Material shown:

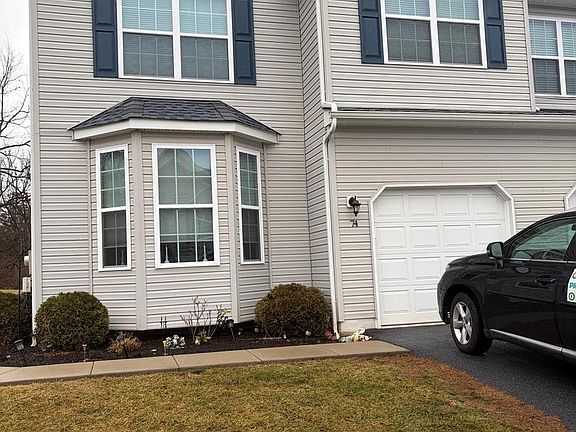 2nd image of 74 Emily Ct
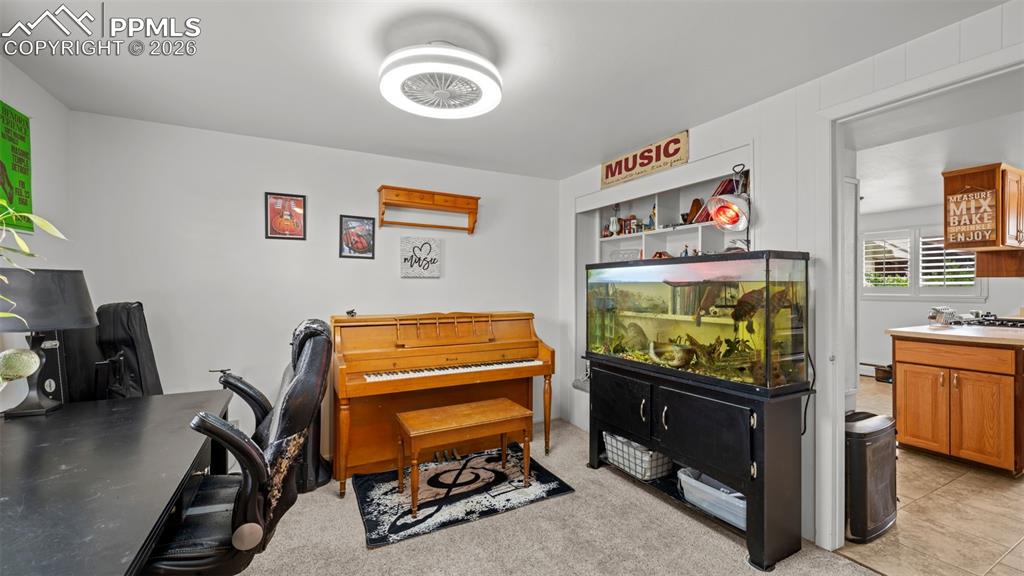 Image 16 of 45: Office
==
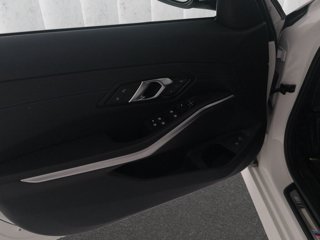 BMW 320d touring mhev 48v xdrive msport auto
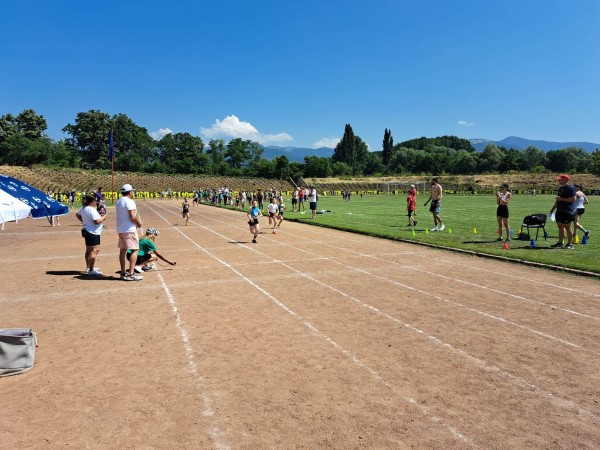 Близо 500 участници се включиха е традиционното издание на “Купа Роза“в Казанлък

Exercise: All lines above starting at the one with "BMW 320d touring mhev 48v xdrive msport auto" and ending at the one with "Близо 500 участници", inclusive, are to be printed again exactly, with the pictures left out.

Written response:
 BMW 320d touring mhev 48v xdrive msport auto
 Близо 500 участници се включиха е традиционното издание на “Купа Роза“в Казанлък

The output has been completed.